Dienstag, 17. September 2019

Umstrittenes Investment Strohfeuer der Bank-Aktien

Besser nicht hinsehen: Keine Anlagestrategie nach Lehrbuch, doch verlockend - zumindest manchmal

2. Teil: Das Kreuz mit dem Kernkapital

Hintergrund: Anfang Dezember 2011 veröffentlichte die europäische Aufsicht EBA die Ergebnisse ihres jüngsten Bankenstresstests. Demzufolge kommt die Deutsche Bank auf eine Kapitallücke von 3,2 Milliarden Euro, die sie bis Mitte dieses Jahres schließen muss. Bei der Commerzbank sind es deutlich schwerer wiegende 5,3 Milliarden.

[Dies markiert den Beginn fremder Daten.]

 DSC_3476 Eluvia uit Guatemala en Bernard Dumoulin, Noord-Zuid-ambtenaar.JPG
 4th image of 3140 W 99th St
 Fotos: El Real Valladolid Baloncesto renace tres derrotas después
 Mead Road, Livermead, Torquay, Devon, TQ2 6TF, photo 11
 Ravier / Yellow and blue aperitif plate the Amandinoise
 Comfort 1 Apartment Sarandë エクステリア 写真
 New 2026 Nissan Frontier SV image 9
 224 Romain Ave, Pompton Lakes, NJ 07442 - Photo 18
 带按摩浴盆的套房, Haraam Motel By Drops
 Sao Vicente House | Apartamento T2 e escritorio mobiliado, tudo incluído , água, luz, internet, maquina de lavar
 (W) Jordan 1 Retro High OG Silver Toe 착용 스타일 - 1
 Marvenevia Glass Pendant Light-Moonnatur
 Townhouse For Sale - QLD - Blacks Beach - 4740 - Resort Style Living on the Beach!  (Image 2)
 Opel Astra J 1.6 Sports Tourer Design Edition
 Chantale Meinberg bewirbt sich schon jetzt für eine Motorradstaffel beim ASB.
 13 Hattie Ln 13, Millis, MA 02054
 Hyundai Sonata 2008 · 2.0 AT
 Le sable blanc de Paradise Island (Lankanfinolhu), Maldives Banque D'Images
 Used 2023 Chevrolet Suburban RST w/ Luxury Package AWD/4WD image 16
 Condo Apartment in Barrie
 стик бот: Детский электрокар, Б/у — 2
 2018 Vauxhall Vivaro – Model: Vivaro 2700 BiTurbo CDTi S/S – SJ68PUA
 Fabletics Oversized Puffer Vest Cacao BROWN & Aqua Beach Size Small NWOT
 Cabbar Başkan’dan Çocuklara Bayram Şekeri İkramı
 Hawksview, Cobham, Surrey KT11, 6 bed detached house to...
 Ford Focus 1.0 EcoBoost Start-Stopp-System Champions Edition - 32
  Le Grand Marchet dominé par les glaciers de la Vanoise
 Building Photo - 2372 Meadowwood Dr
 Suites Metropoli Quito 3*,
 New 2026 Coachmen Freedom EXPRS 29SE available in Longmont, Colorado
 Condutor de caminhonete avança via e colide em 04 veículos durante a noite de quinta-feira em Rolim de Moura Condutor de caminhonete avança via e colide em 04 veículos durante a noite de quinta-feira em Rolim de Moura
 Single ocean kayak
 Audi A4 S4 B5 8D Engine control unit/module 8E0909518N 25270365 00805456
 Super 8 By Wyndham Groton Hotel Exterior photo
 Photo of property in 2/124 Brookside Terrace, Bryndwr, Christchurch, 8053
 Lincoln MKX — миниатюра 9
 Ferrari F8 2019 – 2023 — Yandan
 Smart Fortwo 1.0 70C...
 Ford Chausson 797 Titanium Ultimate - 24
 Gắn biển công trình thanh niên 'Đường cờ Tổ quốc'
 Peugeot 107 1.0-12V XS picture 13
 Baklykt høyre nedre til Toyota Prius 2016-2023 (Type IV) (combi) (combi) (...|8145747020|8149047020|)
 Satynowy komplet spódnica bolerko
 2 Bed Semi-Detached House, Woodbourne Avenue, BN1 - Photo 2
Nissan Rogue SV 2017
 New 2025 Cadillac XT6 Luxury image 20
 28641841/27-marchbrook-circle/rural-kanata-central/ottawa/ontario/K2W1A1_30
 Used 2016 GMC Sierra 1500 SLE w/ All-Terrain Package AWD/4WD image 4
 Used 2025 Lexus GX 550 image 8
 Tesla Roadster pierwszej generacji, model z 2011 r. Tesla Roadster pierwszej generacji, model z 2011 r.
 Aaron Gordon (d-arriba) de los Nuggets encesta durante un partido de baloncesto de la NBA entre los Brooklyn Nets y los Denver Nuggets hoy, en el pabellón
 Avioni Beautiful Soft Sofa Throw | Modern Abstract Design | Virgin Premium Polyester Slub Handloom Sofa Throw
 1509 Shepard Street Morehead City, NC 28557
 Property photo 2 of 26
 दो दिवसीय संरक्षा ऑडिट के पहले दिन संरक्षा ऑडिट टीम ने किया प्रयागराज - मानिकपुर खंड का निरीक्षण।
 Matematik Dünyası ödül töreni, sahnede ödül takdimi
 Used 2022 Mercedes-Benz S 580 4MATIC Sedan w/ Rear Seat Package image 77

Um diese Löcher zu stopfen könnten die Banken Kapitalerhöhungen durchführen. Das wollen die Institute aber in der Regel vermeiden, weil sie damit ihre bestehenden Aktionäre verprellen, deren Gewinnanteile verwässert werden. Also bleiben nur noch zwei Möglichkeiten: Sie senken die "risiko-gewichteten Aktiva" in der Bilanz, sprich: Sie bauen Kreditvolumen und andere riskante Engagements ab. Oder sie steigern das Kernkapital ohne frisches Geld von außen, beispielsweise indem sie Gewinne einbehalten. Auch die Erhöhung des Gewinnpotenzials beispielsweise durch Kosteneinsparungen (Stichworte: Personalabbau, Gehaltskürzungen) wirkt in diese Richtung.

"Die Deutsche Bank dürfte auf der ganzen Klaviatur dieser Möglichkeiten spielen", sagt Becker. Der Verkauf der englischen Teile der Fondstochter DWS und anderer Töchter wurde schon angekündigt. Die Warnstreiks bei der Postbank zeigen zudem, dass es auch dort zur Sache geht." Ende vergangenen Jahres waren bei der neuen Deutsche-Bank-Tochter Postbank mehrere Mitarbeiter kurzzeitig in den Ausstand getreten, um gegen mehr Arbeit für weniger Geld zu protestieren.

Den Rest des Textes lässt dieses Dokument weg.